→ Material provided
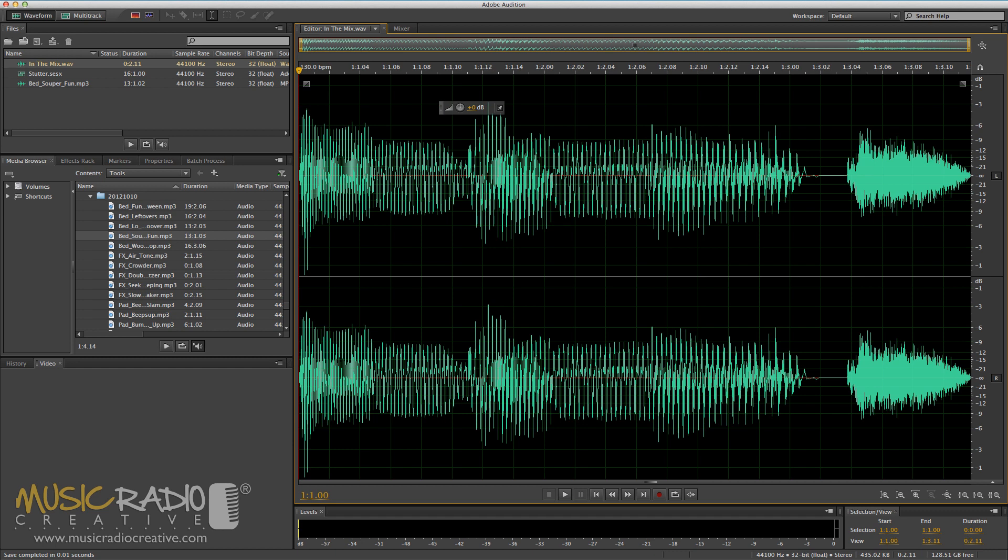Hello this is Mike Russell from MusicRadioCreative.com and in this tutorial I thought I'd show you how to have fun with panning and stuttering to create a panned stutter effect.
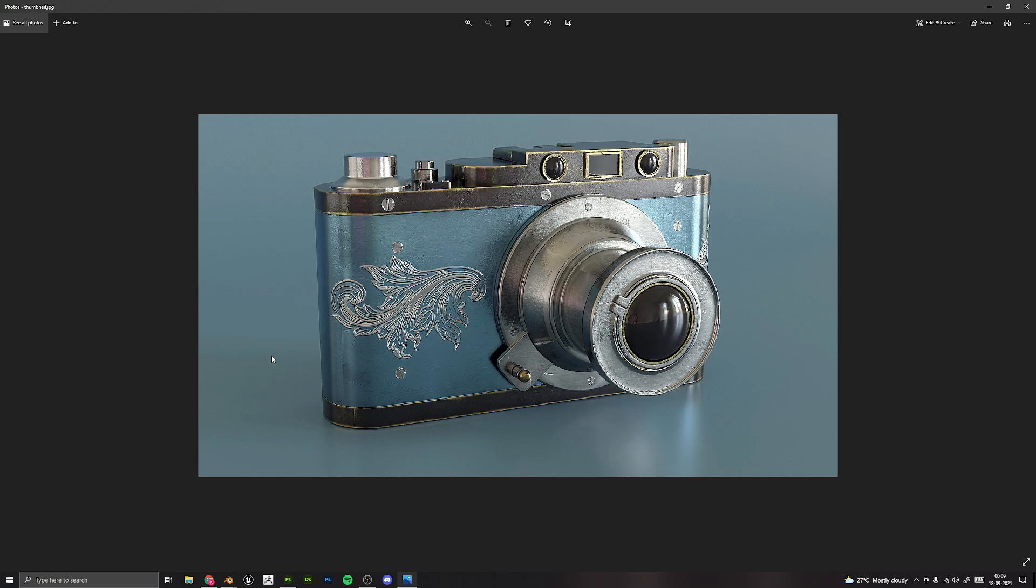We will go through the complete process of creating this vintage camera from start to finish and learn a lot of techniques along the way. We will understand what it takes to create realistic props like these. This course is for users of all types, but having a basic understanding of Blender and Substance Painter would be helpful.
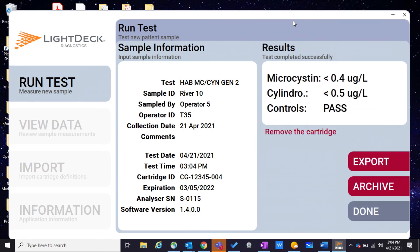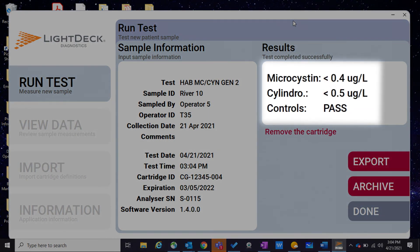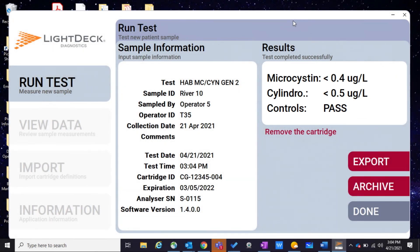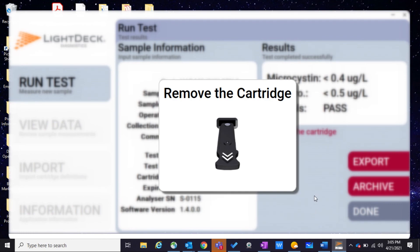After 10 minutes, the sample's microcystin and cylindrospermopsin concentrations will be displayed within the LightDeck application. Click done to release the cartridge and remove it from the analyzer.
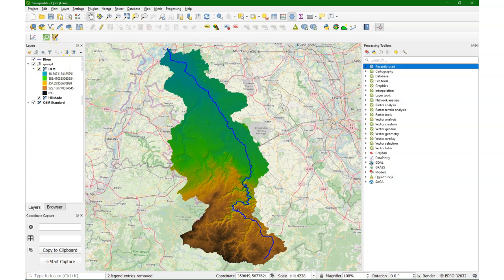Hello, this is Hans van der Kvast, senior lecturer at IOC Delft Institute for Water Education. In this video I'm going to show you again how to calculate the longitudinal river profile, but now based only on the native algorithms, so without using plugins except the DataPlotly plugin.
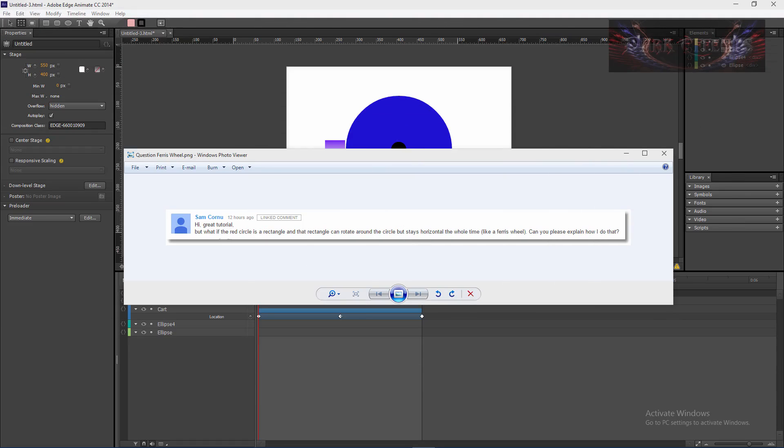What's up, Wayne Baron here with darkeffects.net and we are inside of Adobe Edge Animate CC 2014. I just got in a question about 12 hours ago from a guy named Sam.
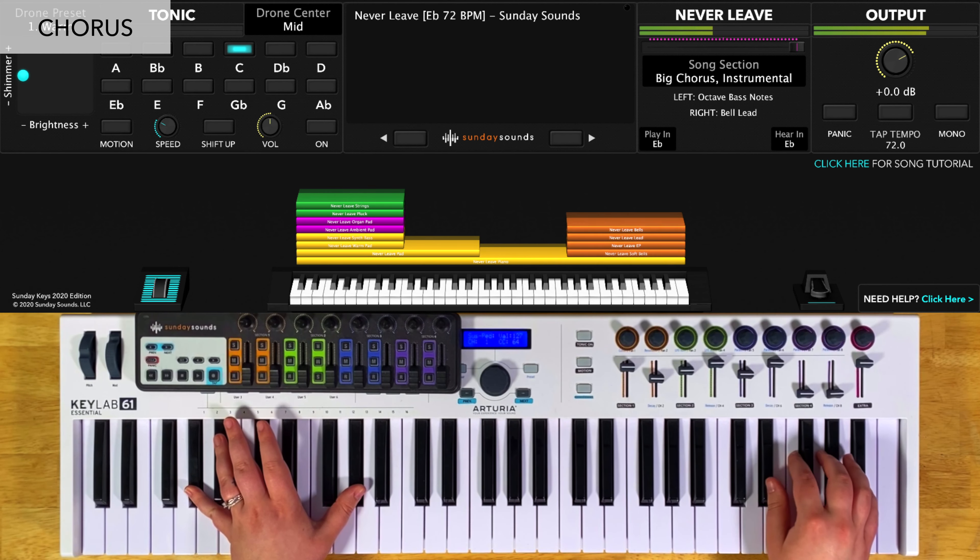Be sure to check out the full demo video to see all these parts in order and how we move the song section control throughout the song. Song-specific patches work best in the Sunday Keys template for MainStage and Ableton Live. Sunday Keys gives you all the sounds and tools you need to play live worship keys, and all of our song-specific patches integrate seamlessly with Sunday Keys. You can learn all about Sunday Keys on our website. Thanks for checking out this song-specific patch — I'm Julia with Sunday Sounds, and I'll see you next time.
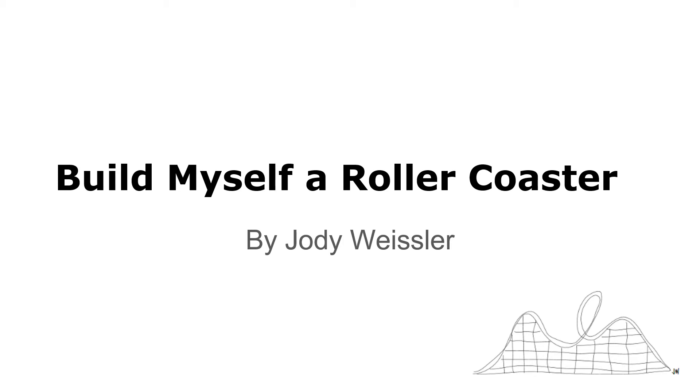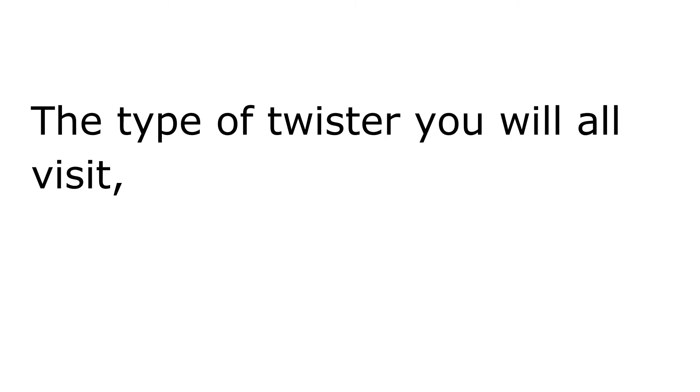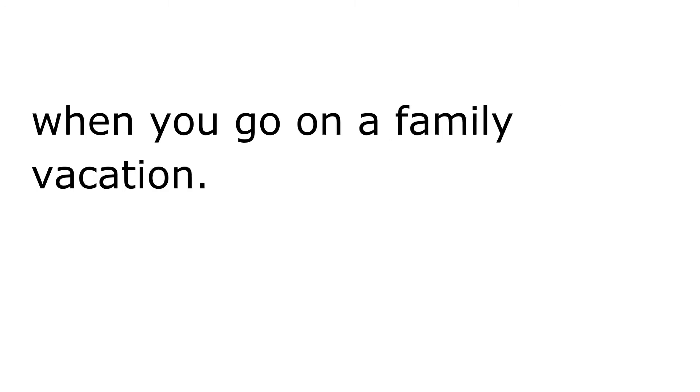Build Myself a Roller Coaster by Jody Weisler. I am going to build myself a roller coaster. It will be the grandest in our nation. The type of twister you will all visit when you go on a family vacation.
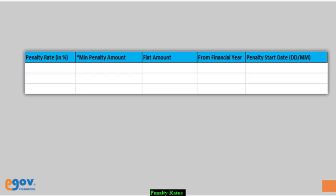Enter the penalty rate percentage. Enter the minimum penalty amount and the flat penalty amount applicable for the state or ULB. Enter the financial year and the start date for the period when the listed penalty rates and amount will be applicable.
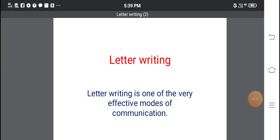I am Ashok, your English teacher, once again present with a new video for you. Today I am going to discuss letter writing from the writing section. In this video I am going to discuss different kinds of letters and parts of letter writing with format.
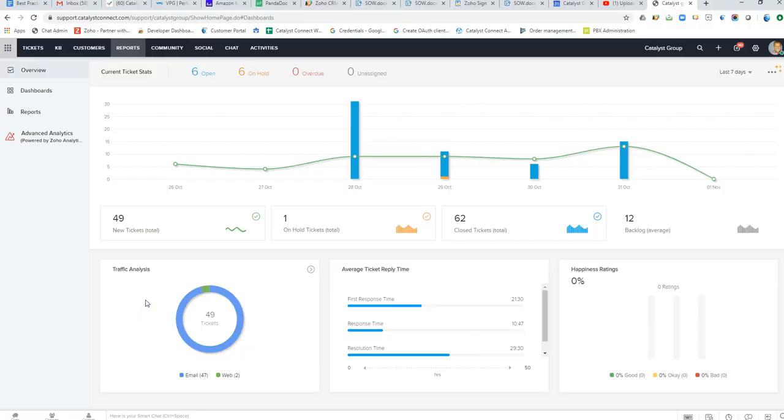Hi folks, John Mark here with Catalyst Connect. This video is going to be a very quick run-through of Zoho Desk, the support ticketing tool offered by Zoho and its integration with the CRM.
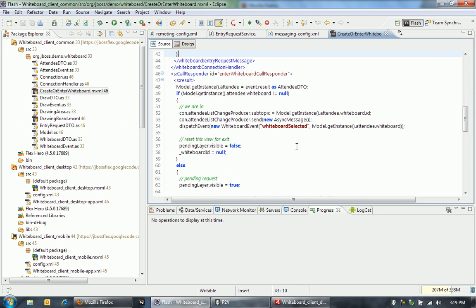So that's just a small snapshot walkthrough of how we built this whiteboard application on Flex and JBoss. I think it's pretty cool to be able to very quickly build these applications that have a really strong backend and then a great front end that works not just in the browser and on the desktop, but also now on mobile devices.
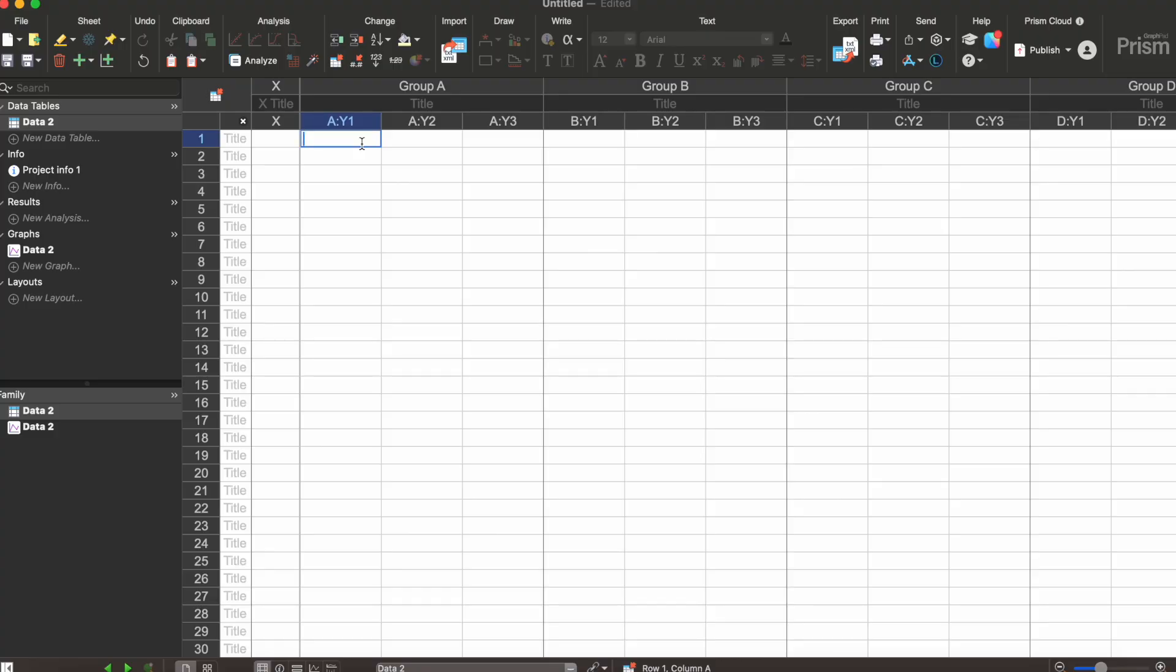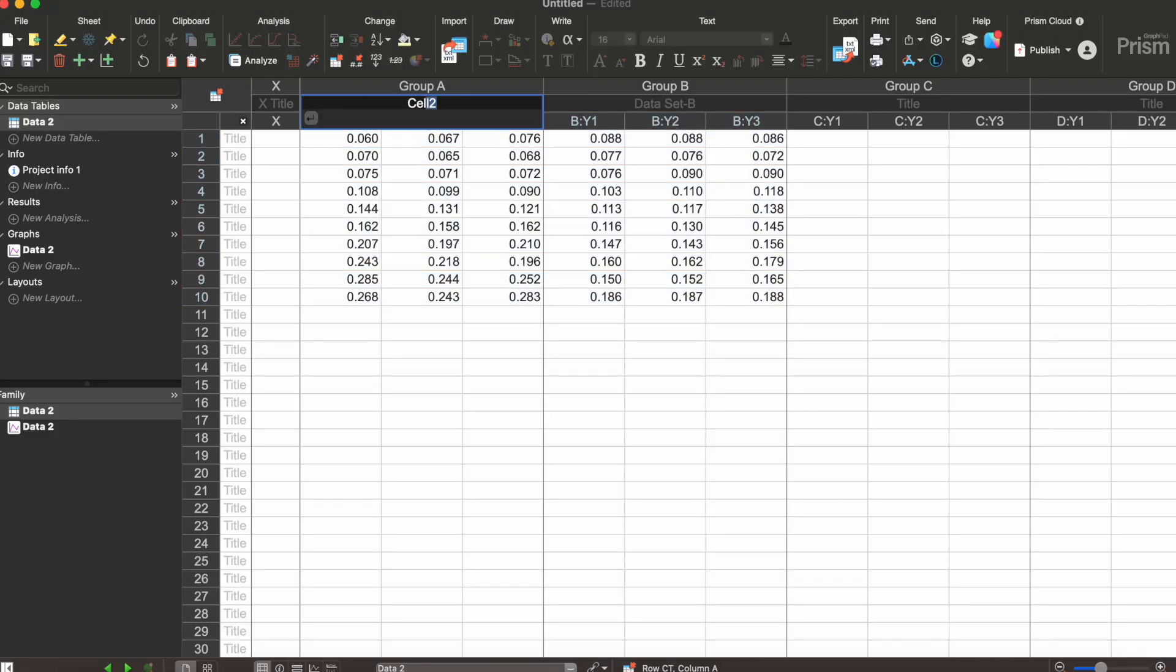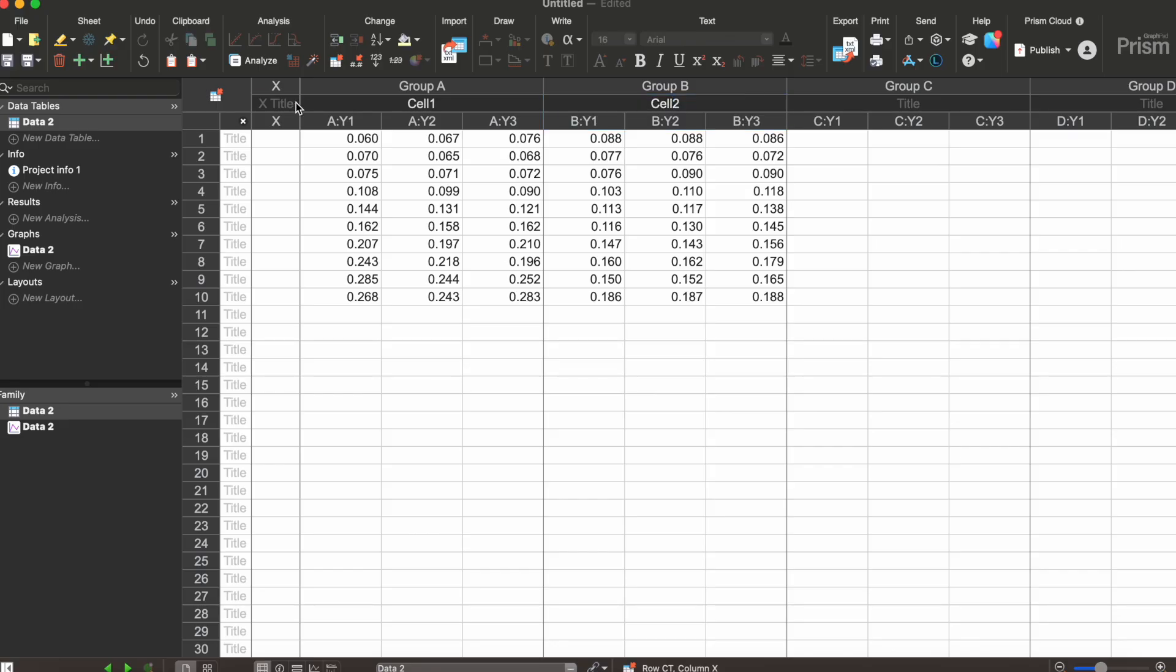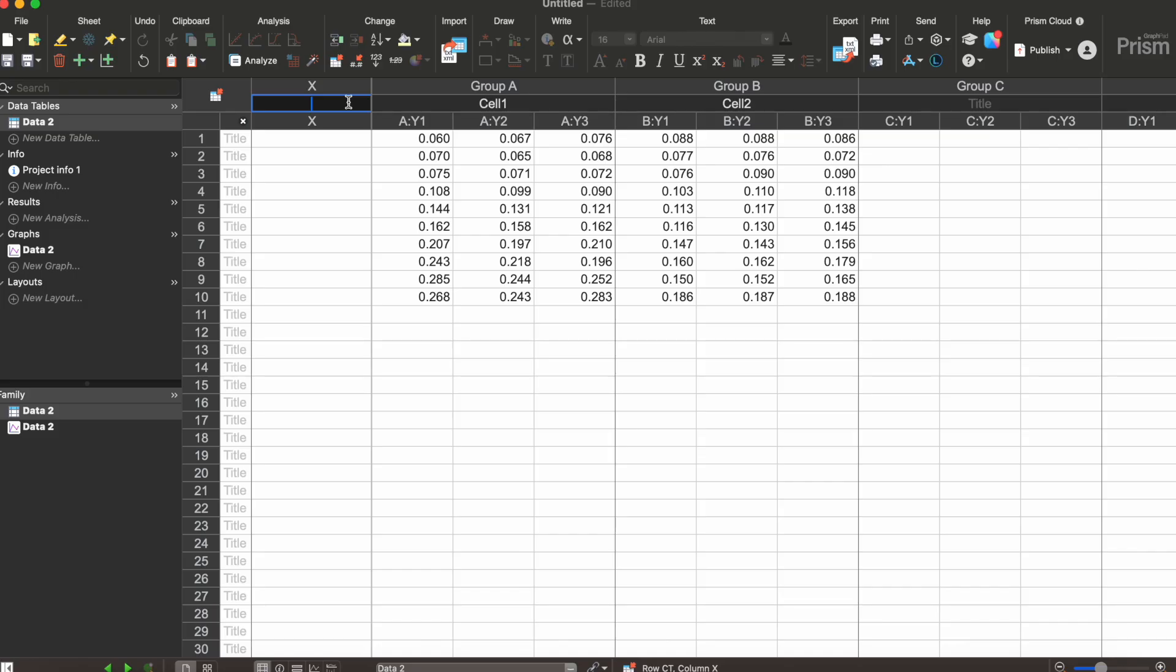I'm gonna paste my values here and we're gonna call this cell 1 and then this is cell 2. In the X column here I want to put cisplatin which is the drug of choice used in this experiment and then we're gonna put the serial dilution that I used in the experiment.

→ Task prompt
The line with "Build Myself a Roller Coaster by" ends the range, and the first line of the data begins it; repeat exactly those lines and nothing more, omitting pictures.

→ Reply to the exercise
Hello this is Mike Russell from MusicRadioCreative.com and in this tutorial I thought I'd show you how to have fun with panning and stuttering to create a panned stutter effect.
We will go through the complete process of creating this vintage camera from start to finish and learn a lot of techniques along the way. We will understand what it takes to create realistic props like these. This course is for users of all types, but having a basic understanding of Blender and Substance Painter would be helpful.
After 10 minutes, the sample's microcystin and cylindrospermopsin concentrations will be displayed within the LightDeck application. Click done to release the cartridge and remove it from the analyzer.
Hello, this is Hans van der Kvast, senior lecturer at IOC Delft Institute for Water Education. In this video I'm going to show you again how to calculate the longitudinal river profile, but now based only on the native algorithms, so without using plugins except the DataPlotly plugin.
What's up, Wayne Baron here with darkeffects.net and we are inside of Adobe Edge Animate CC 2014. I just got in a question about 12 hours ago from a guy named Sam.
Be sure to check out the full demo video to see all these parts in order and how we move the song section control throughout the song. Song-specific patches work best in the Sunday Keys template for MainStage and Ableton Live. Sunday Keys gives you all the sounds and tools you need to play live worship keys, and all of our song-specific patches integrate seamlessly with Sunday Keys. You can learn all about Sunday Keys on our website. Thanks for checking out this song-specific patch — I'm Julia with Sunday Sounds, and I'll see you next time.
Build Myself a Roller Coaster by Jody Weisler. I am going to build myself a roller coaster. It will be the grandest in our nation. The type of twister you will all visit when you go on a family vacation.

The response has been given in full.